INSTRUCTIONS FOR THE TASK:
Your answer should be the full data, transcribed exactly, with no pictures in it.

DATA SUPPLIED:
_ _ _

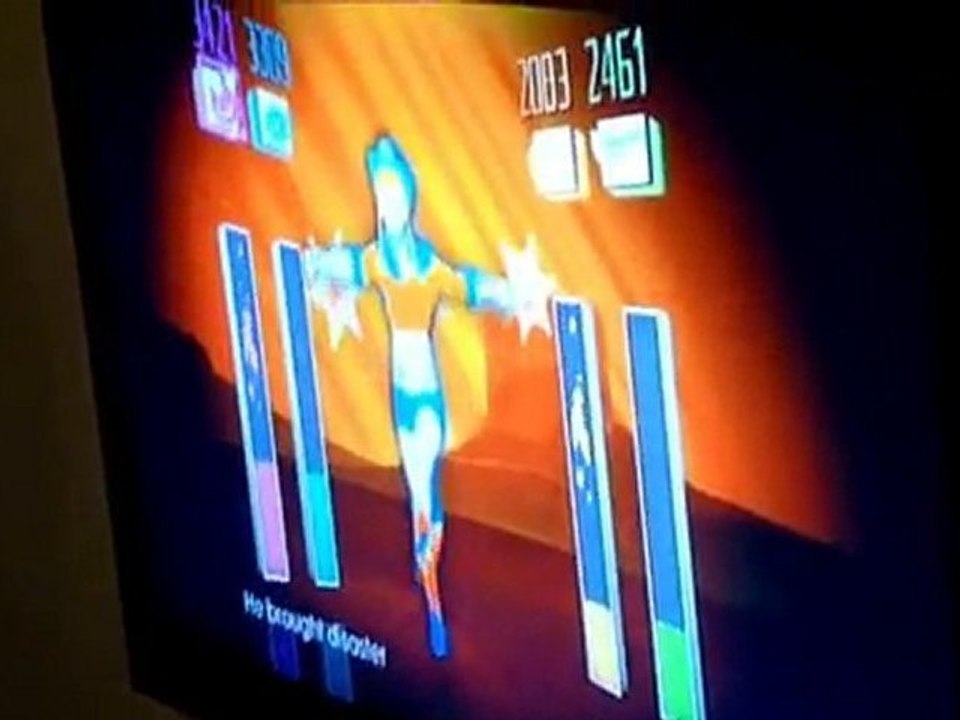 Just dance wii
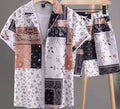 Ensemble homme TEMU Explosions : chemise hawaïenne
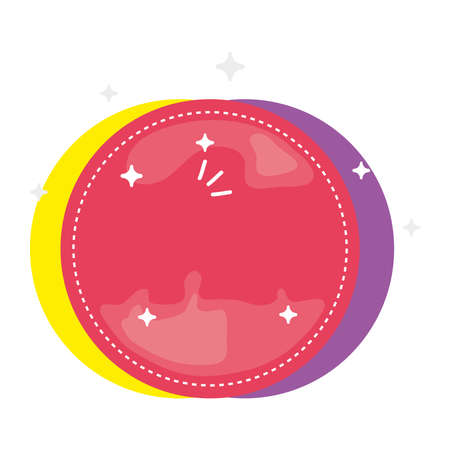 Seal stamp design, banner badge decorative product ornament emplem premium and quality theme Vector illustrationのイラスト素材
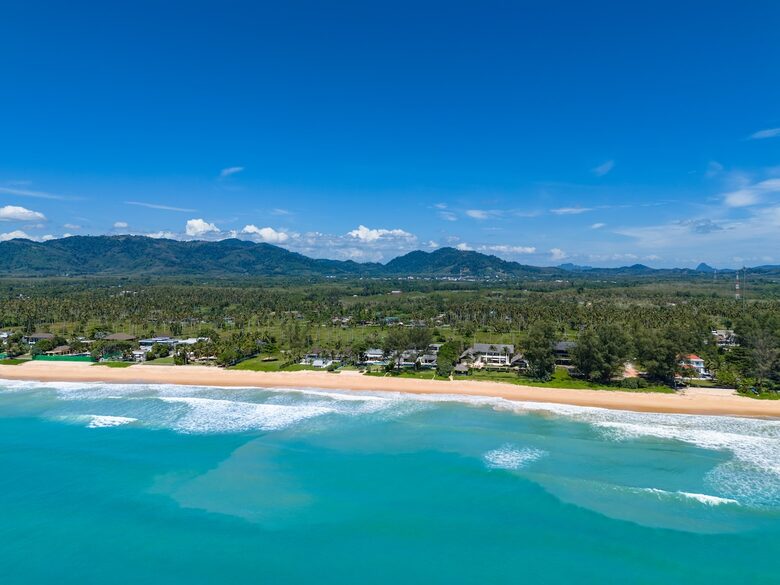 Elegant 5-Bedroom Beachfront Escape in Natai - Khok Kloi, Thailand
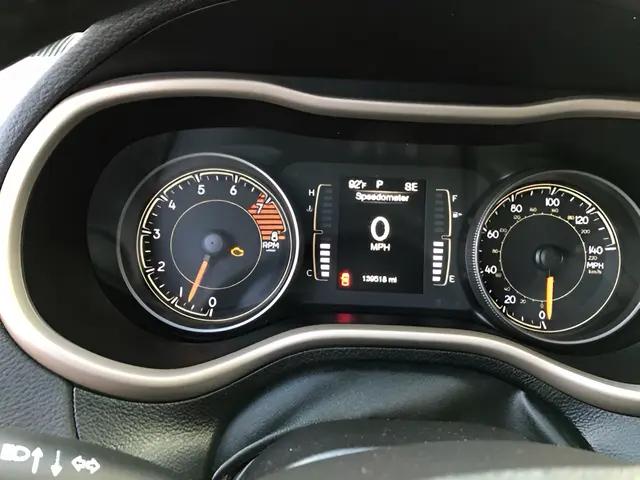 2017 Jeep Cherokee Latitude 4x4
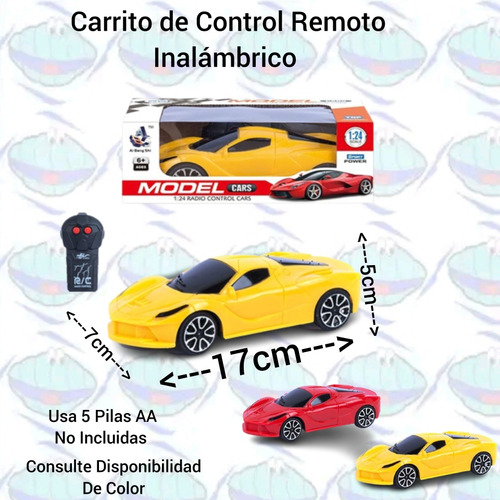 Carrito De Control Remoto Inalámbrico / Carros De Juguete 
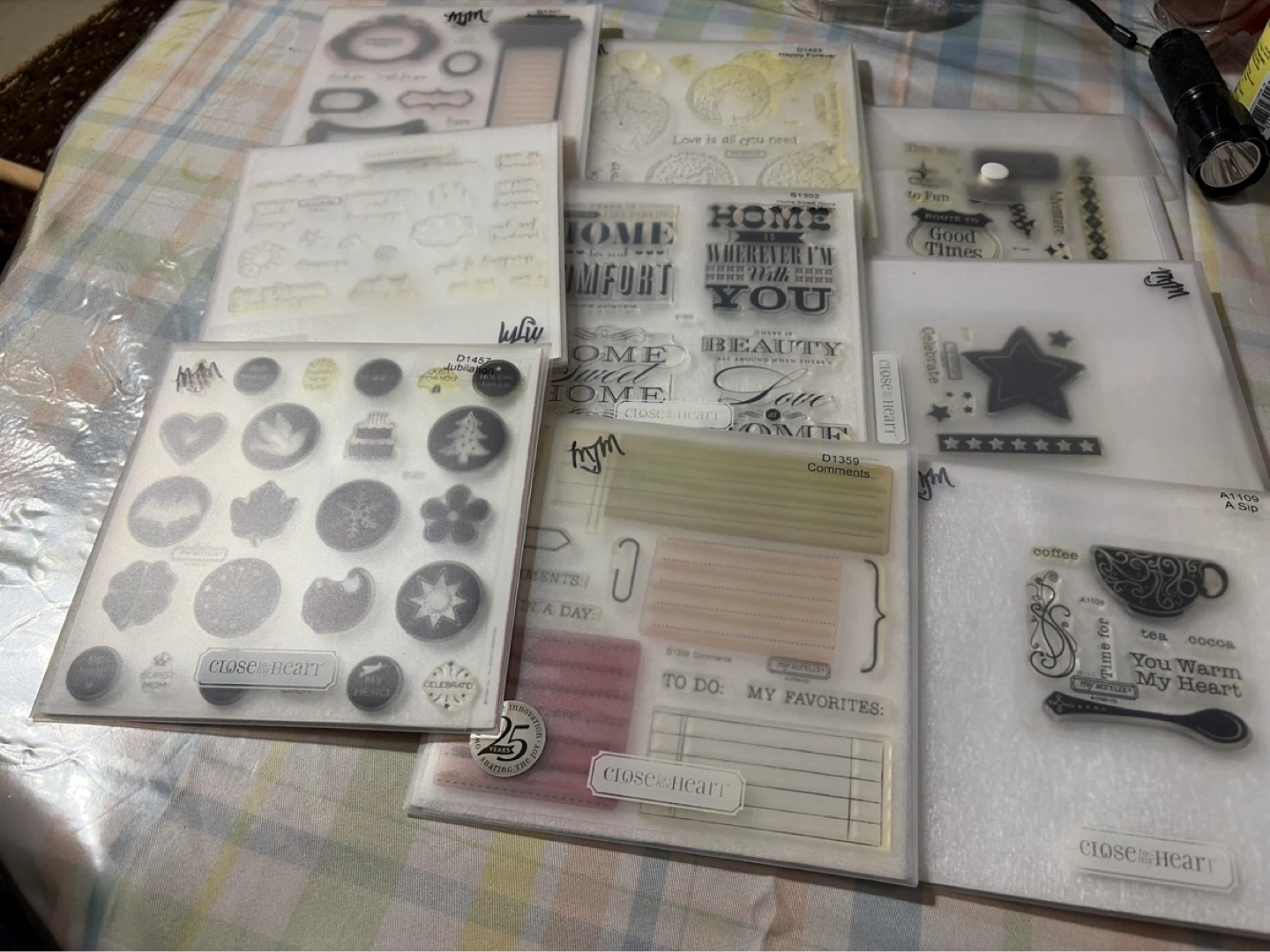 Close to My Heart Stamp Sets Bundle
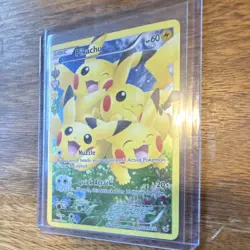 Pikachu Full Art Ultra Rare Holo RC29/RC32 Generations Pokemon TCG - Image 1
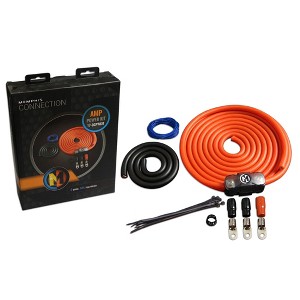 Memphis Audio 0GPWKIT 0-Gauge Power Kit With ANL Fuse Holder and One 250A Fuse - 1 of 1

_ _ _

SOLUTION TO THE EXERCISE:
 Just dance wii
 Ensemble homme TEMU Explosions : chemise hawaïenne
 Seal stamp design, banner badge decorative product ornament emplem premium and quality theme Vector illustrationのイラスト素材
 Elegant 5-Bedroom Beachfront Escape in Natai - Khok Kloi, Thailand
 2017 Jeep Cherokee Latitude 4x4
 Carrito De Control Remoto Inalámbrico / Carros De Juguete 
 Close to My Heart Stamp Sets Bundle
 Pikachu Full Art Ultra Rare Holo RC29/RC32 Generations Pokemon TCG - Image 1
 Memphis Audio 0GPWKIT 0-Gauge Power Kit With ANL Fuse Holder and One 250A Fuse - 1 of 1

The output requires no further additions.